Opposition - will es genau wissen

Die Parteivorsitzende der Konservativen, Anna Kinberg Batra, nahm die Affäre zum Anlass, an die jüngste Kontroverse der Außenministerin mit Israel anzuknüpfen. Erst letzte Woche wurde Wallström von Israel als unwillkommen bezeichnet, nachdem sie von „außerrechtlichen Hinrichtungen“ von Palästinensern gesprochen hatte. Kinberg Batra wirft der Außenministerin mangelndes Gespür vor: „Margot Wallström scheint ja eine seltene Begabung zu haben, in Fettnäpfchen zu treten “ , sagte Kinberg Batra im Schwedischen Fernsehen. Und anders als Ministerpräsident Löfven, der sich eine allgemeine Diskussion über die Abhängigkeitsverhältnisse gewerkschaftlicher und privater Immobilien wünscht, fordert die Oppositionsführerin eine Aufklärung der Abhängigkeitsverhältnisse in konkretem Bezug zur Außenministerin: „Wenn es sich zeigen sollte, dass gerade ihre politische Stellung eine Rolle bei der Vermietung gespielt haben sollte, dann muss das genau untersucht werden“, sagte Kinberg Batra. „Spitzenpolitiker auf diesem hohen Niveau“ dürften an ihrer Vertrauenswürdigkeit keinen Zweifel zulassen.

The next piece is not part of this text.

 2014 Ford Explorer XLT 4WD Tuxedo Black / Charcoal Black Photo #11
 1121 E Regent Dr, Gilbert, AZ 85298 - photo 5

Staatsanwaltschaft prüft erste Schritte

Unterdessen ist der Vertragstext öffentlich geworden. Wie die Nachrichtenagentur TT meldete, soll aus dem vom 18. April 2015 datierten Vertrag eindeutig hervorgehen, dass die Vermietung der Gewerkschaftswohnung direkt damit verknüpft worden war, dass Margot Wallström ihr Amt als Außenministerin bekleide. Die Antikorruptionsabteilung der Staatsanwaltschaft hat der Meldung zufolge erste Untersuchungen angestellt, ob gegen Margot Wallström ein Ermittlungsverfahren eingeleitet werden muss.

Die christdemokratische Abgeordnete Caroline Szyber hat angekündigt, eine Prüfung der Sache durch den schwedischen Verfassungsausschuss zu beantragen.